Any adjustment in estimated profit requires that the amortization rate
be revised retroactively to the date of policy or contract issuance
("unlocking"), which could be significant. The cumulative difference
related to prior periods is recognized as a component of the current
period's amortization, along with amortization associated with the
actual gross profits of the period. In general, increases in estimated
returns result in increased expected future profitability and may
lower the rate of amortization, while increases in lapse/surrender and
mortality assumptions or decreases in returns reduce the expected
future profitability of the underlying business and may increase the
rate of amortization.
One of the most significant assumptions involved in the estimation of
future gross profits for variable universal life and deferred annuity
products is the assumed return associated with future separate account
performance. To reflect the near-term and long-term volatility in the
equity markets this assumption involves a combination of near-term
expectations and a long-term assumption about market performance.

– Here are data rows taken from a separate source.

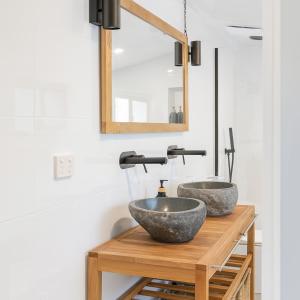 une salle de bain avec deux lavabos en granit sur une table en bois dans l'établissement Surveyor's Cottage, à Surveyors Bay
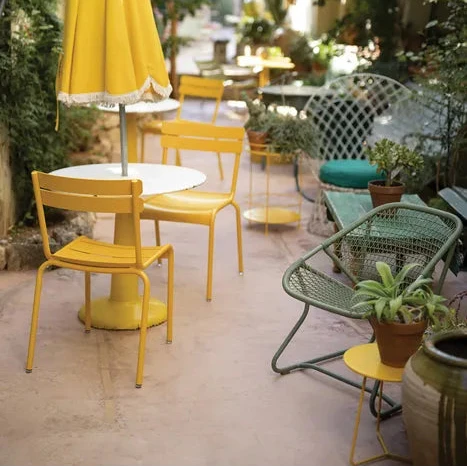 Fermob Luxembourg Side Chair in Honey styled in a Mediterranean setting, the Luxembourg garden chair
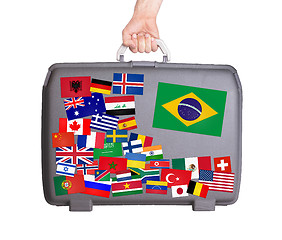Image showing Used plastic suitcase with stickers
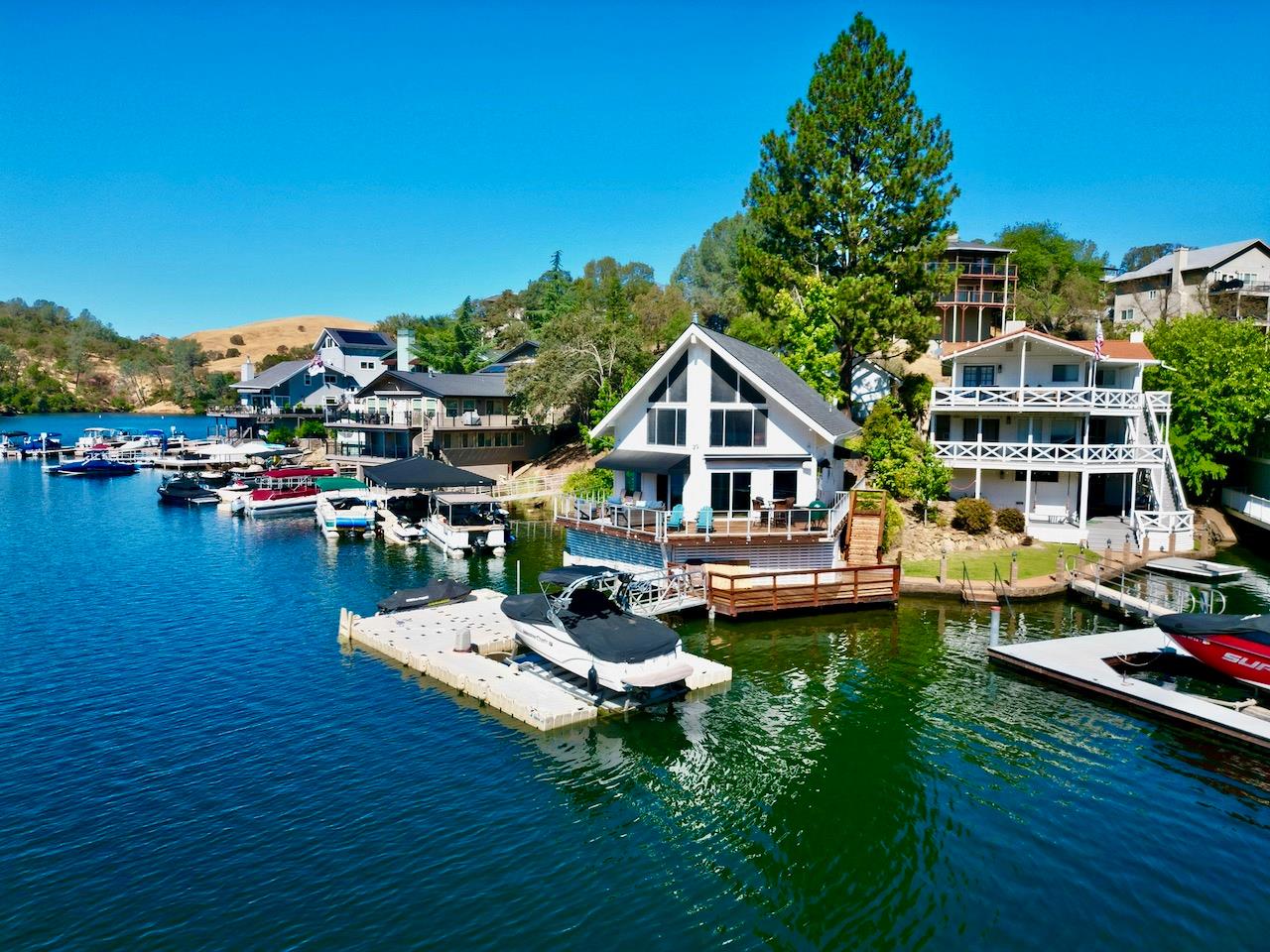 an aerial view of a house with swimming pool garden and lake view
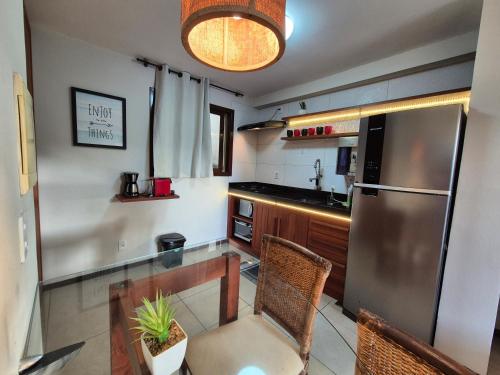a kitchen with a table and a stainless steel refrigerator at Solar de Pipa Prime - Frente piscina in Pipa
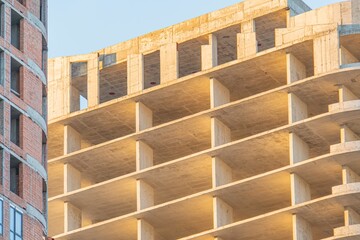 Partially built concrete structure with reinforcing bars and beams, under construction or...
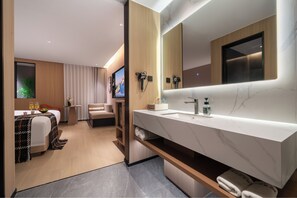 Et moderne hotelværelse med et stort badeværelsesbord-arrangement, en seng med udsigt og et opholdsområde med et fjernsyn.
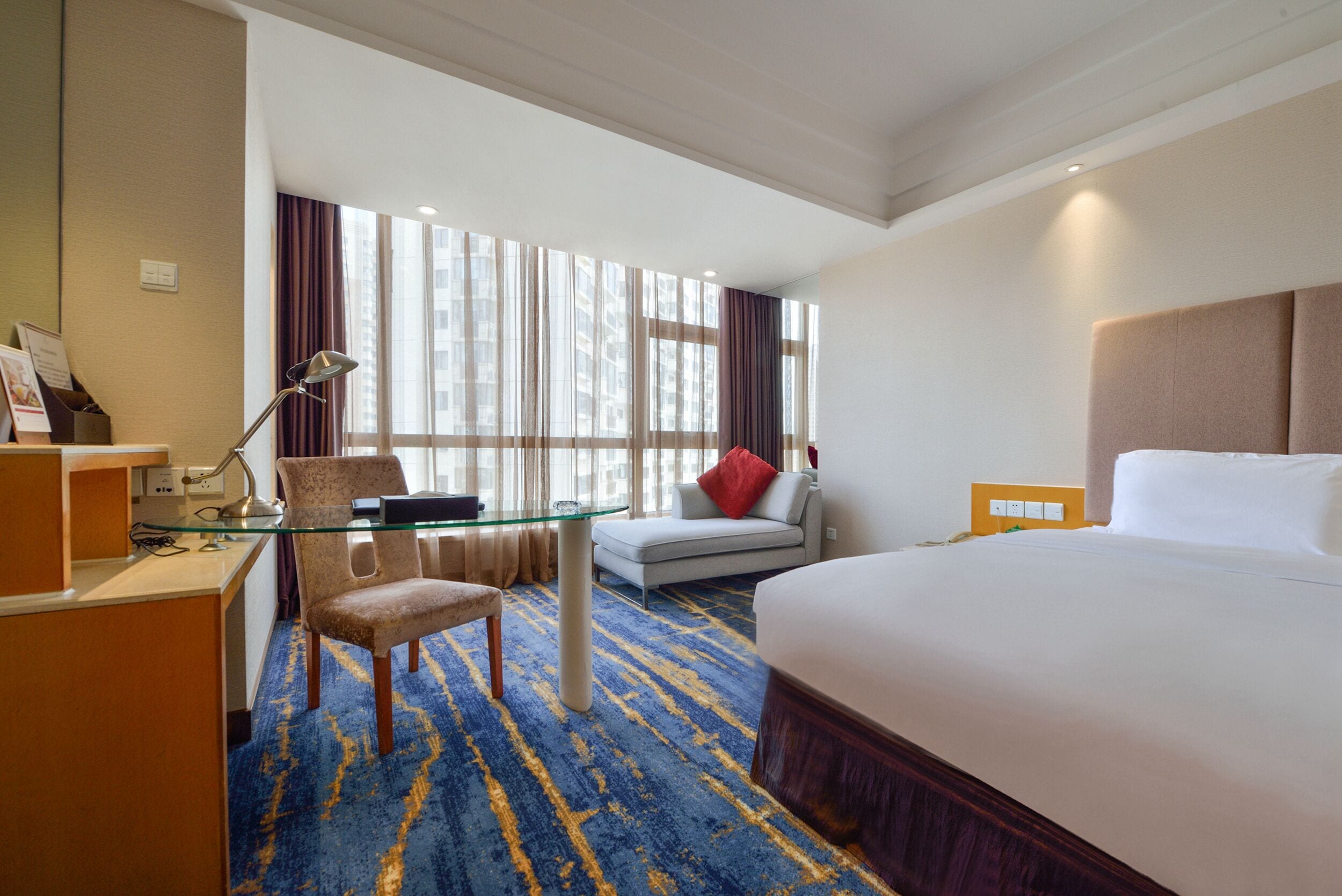 Habitación de hotel con una cama grande, un escritorio con silla, una mesita de vidrio y un sofá.
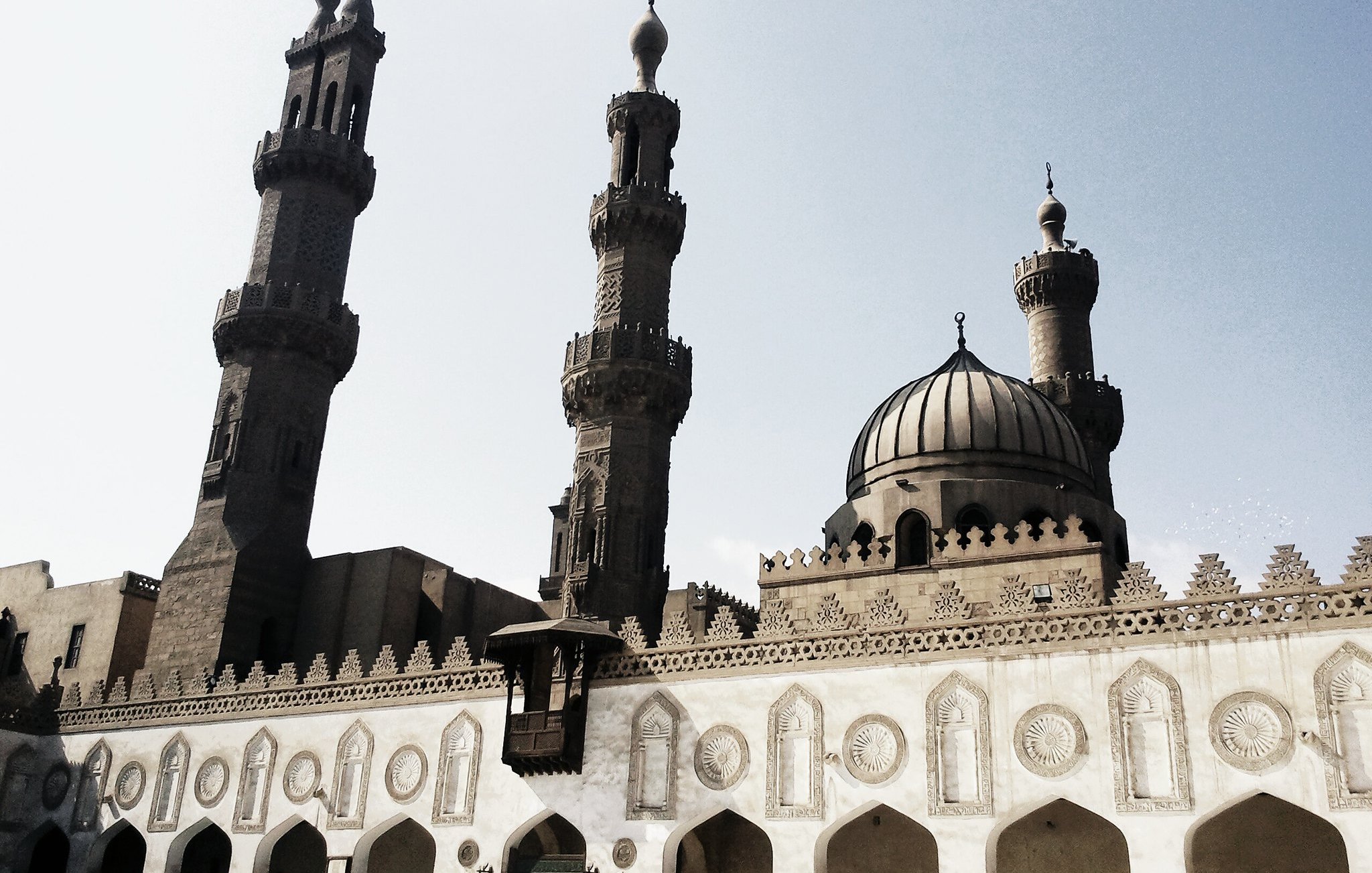 L'image montre une mosquée majestueuse avec deux minarets qui s'élèvent haut dans le ciel. La structure présente une belle architecture islamique, caractérisée par des arches décoratives et des motifs ornementaux sur les murs. Le dôme au centre ajoute à la grandeur du bâtiment, tandis que le ciel clair en arrière-plan donne une ambiance lumineuse à la scène. Les détails sculptés et la symétrie des éléments architecturaux témoignent d'un riche héritage culturel.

The
overall return generated by the separate account is dependent on
several factors, including the relative mix of the underlying
sub-accounts among bond funds and equity funds as well as equity
sector weightings.
14
Forward-Looking Information/Risk Factors
In connection with the "safe harbor" provisions of the Private
Securities Litigation Reform Act of 1995, the Company cautions readers
regarding certain forward-looking statements contained in this report
and in any other statements made by, or on behalf of, the Company,
whether or not in future filings with the Securities and Exchange
Commission ("SEC"). Forward-looking statements are statements not
based on historical information and which relate to future operations,
strategies, financial results, or other developments. Statements using
verbs such as "expect," "anticipate," "believe" or words of similar
import generally involve forward-looking statements. Without limiting
the foregoing, forward-looking statements include statements which
represent the Company's beliefs concerning future levels of sales and
redemptions of the Company's products, investment spreads and yields,
or the earnings and profitability of the Company's activities.
Forward-looking statements are necessarily based on estimates and
assumptions that are inherently subject to significant business,
economic and competitive uncertainties and contingencies, many of
which are beyond the Company's control and many of which are subject
to change. These uncertainties and contingencies could cause actual
results to differ materially from those expressed in any
forward-looking statements made by, or on behalf of, the Company.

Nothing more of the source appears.